> TASK OBJECTIVE:
Once you find the line with "Size: 700x900 |", output it and every line after it exactly, through the last line of the listing, but no pictures.

> DATA SHOWN:
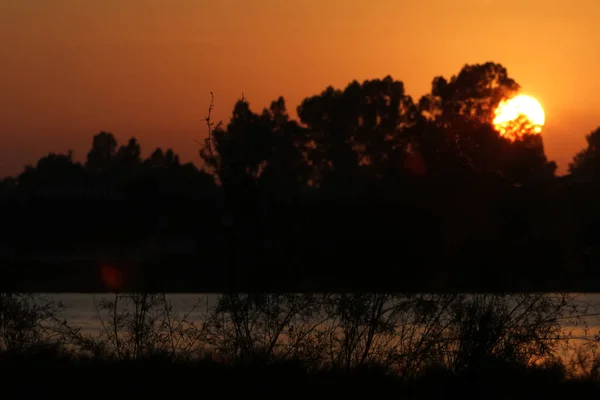 Lange Aufnahme Eines Wunderschönen Sonnenuntergangs Über Den Sümpfen — Stockfoto
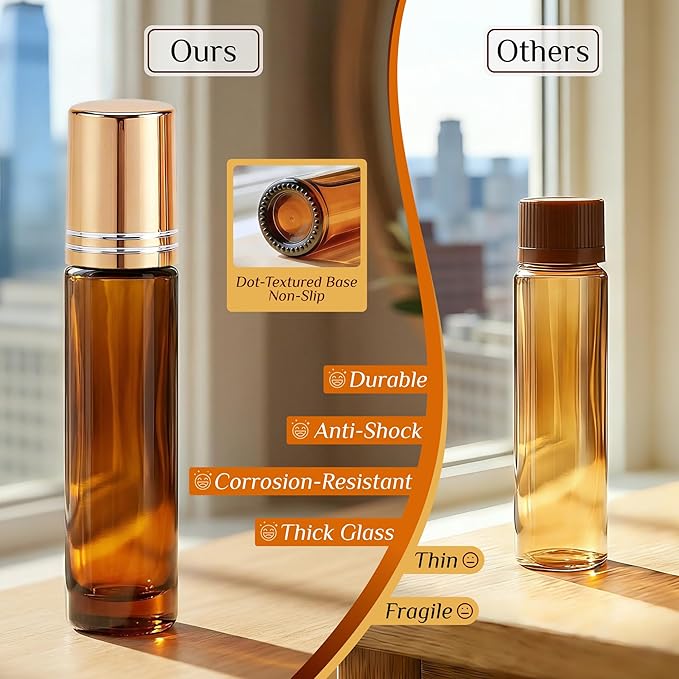 PrettyCare 24 Pack, 10 ml Essential Oil Roller Bottles with Stainless Steel Roller Ball - Refillable Leak-proof Empty Thick Amber Glass Roll on Bottles with Metal Caps for Travel, Perfume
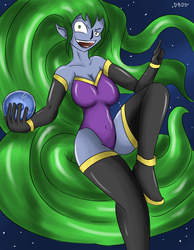 Size: 700x900 | Tagged: safe, artist:dinobirdofdoom, mane-iac, human, g4, power ponies (episode), breasts, busty mane-iac, clothes, electro orb, evening gloves, female, humanized, leotard, pony coloring, solo, thigh boots
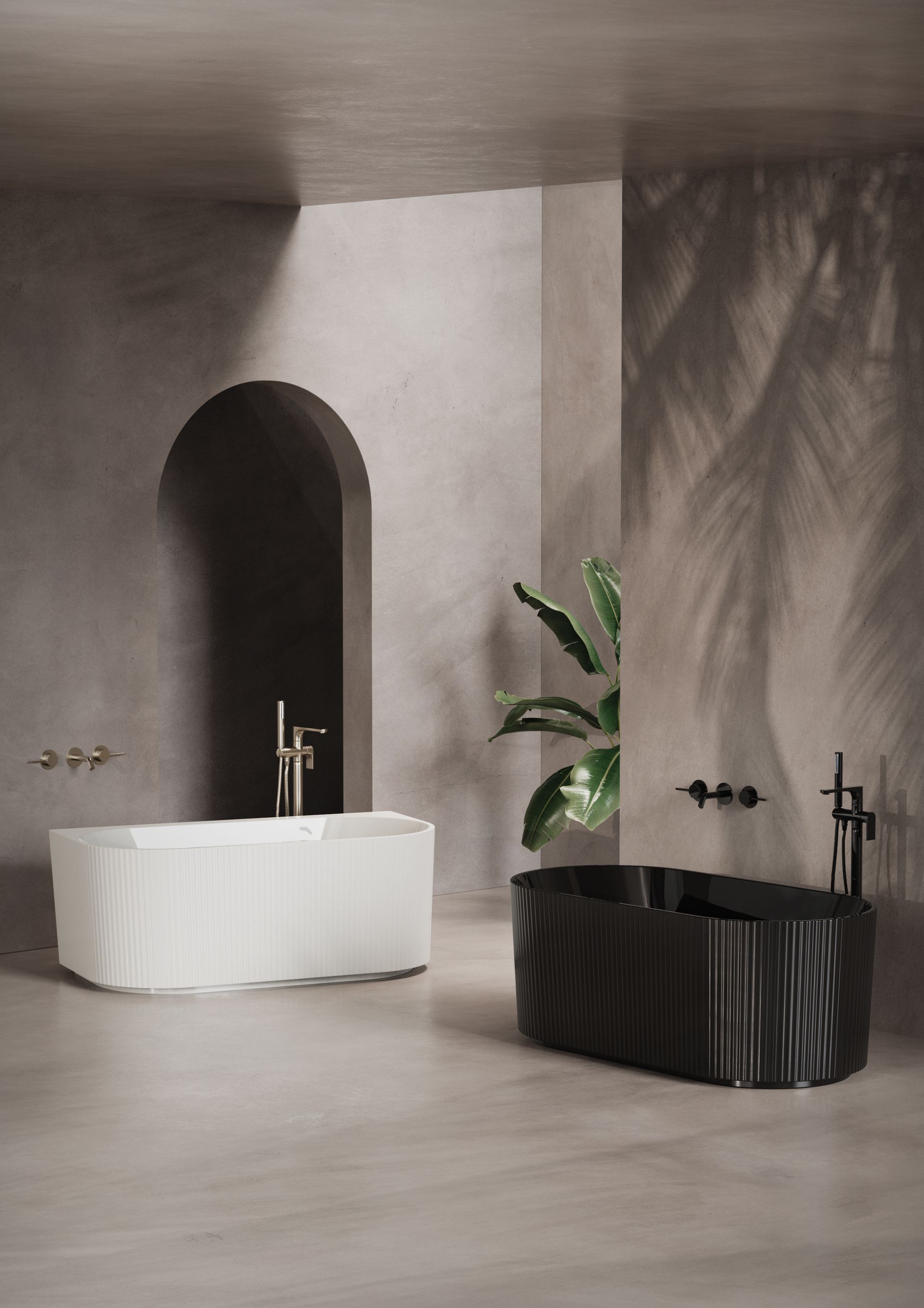 A bathroom with two bathtubs , one white and one black.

> TASK SOLUTION:
 Size: 700x900 | Tagged: safe, artist:dinobirdofdoom, mane-iac, human, g4, power ponies (episode), breasts, busty mane-iac, clothes, electro orb, evening gloves, female, humanized, leotard, pony coloring, solo, thigh boots
 A bathroom with two bathtubs , one white and one black.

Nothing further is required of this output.